Cette opposition constante fait naître une dualité très intéressante qui aurait alors vraiment mérité d'être approfondie. D'autant que plusieurs dialogues nous invitent à choisir entre deux réponses distinctes. Mais là encore, cela ne modifie aucunement la suite du récit. Au final, malgré l'île immense de Tsushima qui ne demande qu'à être explorée, le jeu n'apporte pas la bouffée d'air frais tant attendue pour clôturer la carrière de la PS4 aussi magistralement qu'elle l'aurait mérité.
Ghost of Tsushima est bon dans bien des domaines mais demeure trop classique voire carrément frileux dans d'autres, manquant cruellement de profondeur.
Ghost of Tsushima : L'avis de Clubic
Passé l'émerveillement des premières heures face à la beauté incontestable de l'île, Ghost of Tsushima tombe irrémédiablement dans la redondance.
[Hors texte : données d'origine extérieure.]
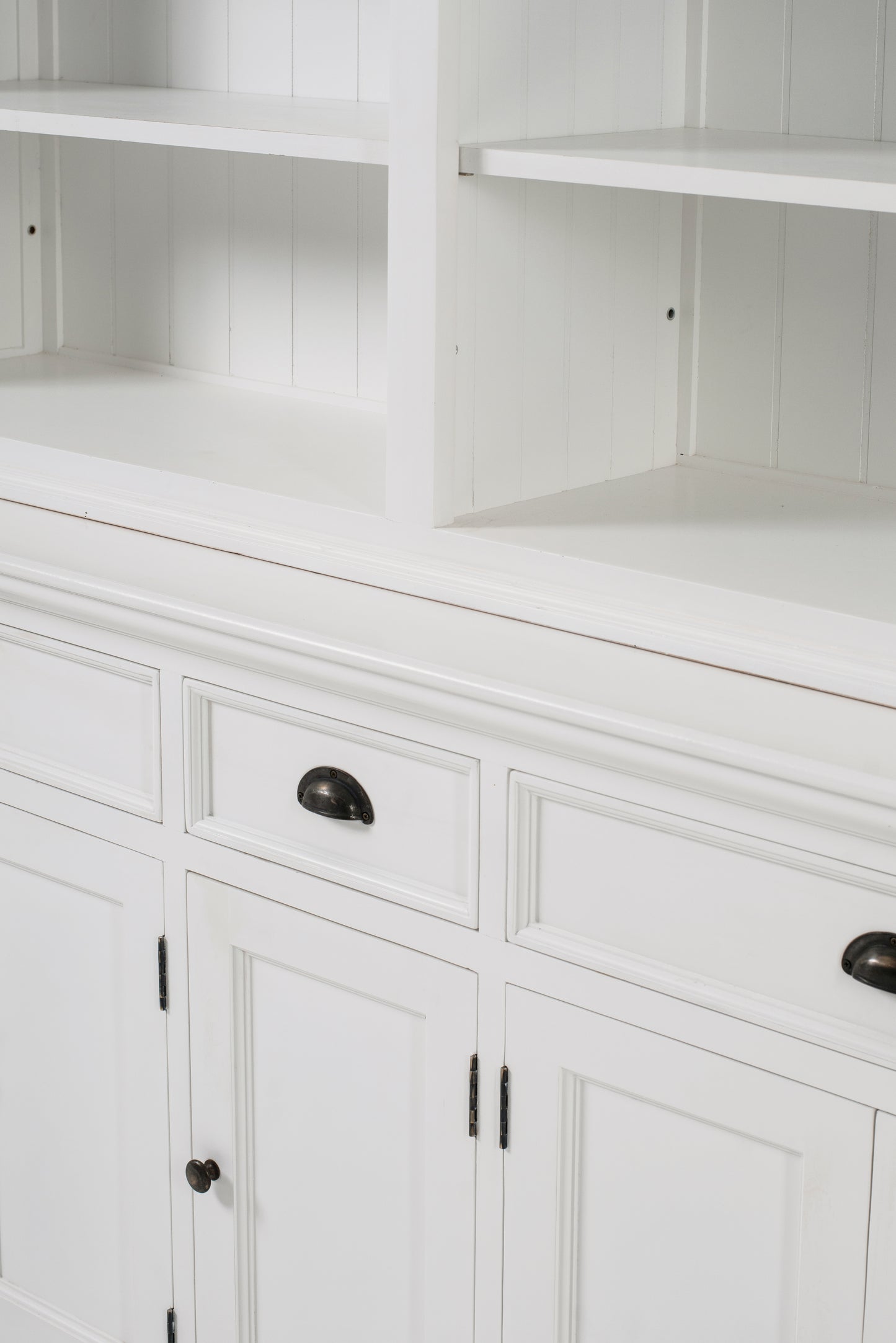 Halifax Hutch Bookcase 5 Doors 3 Drawers - SEATONES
Si le gameplay est porté par de bonnes idées, ces dernières laissent rapidement place à des approximations regrettables et à un contenu classique.Attention, le titre de Sucker Punch n'est absolument pas une mauvaise pioche mais il se contente de copier ce qui se fait ailleurs depuis de nombreuses années sans forcément mettre ces éléments à sa sauce. Bref, c'est un divertissement appréciable qui semble malheureusement être arrivé deux ou trois ans trop tard.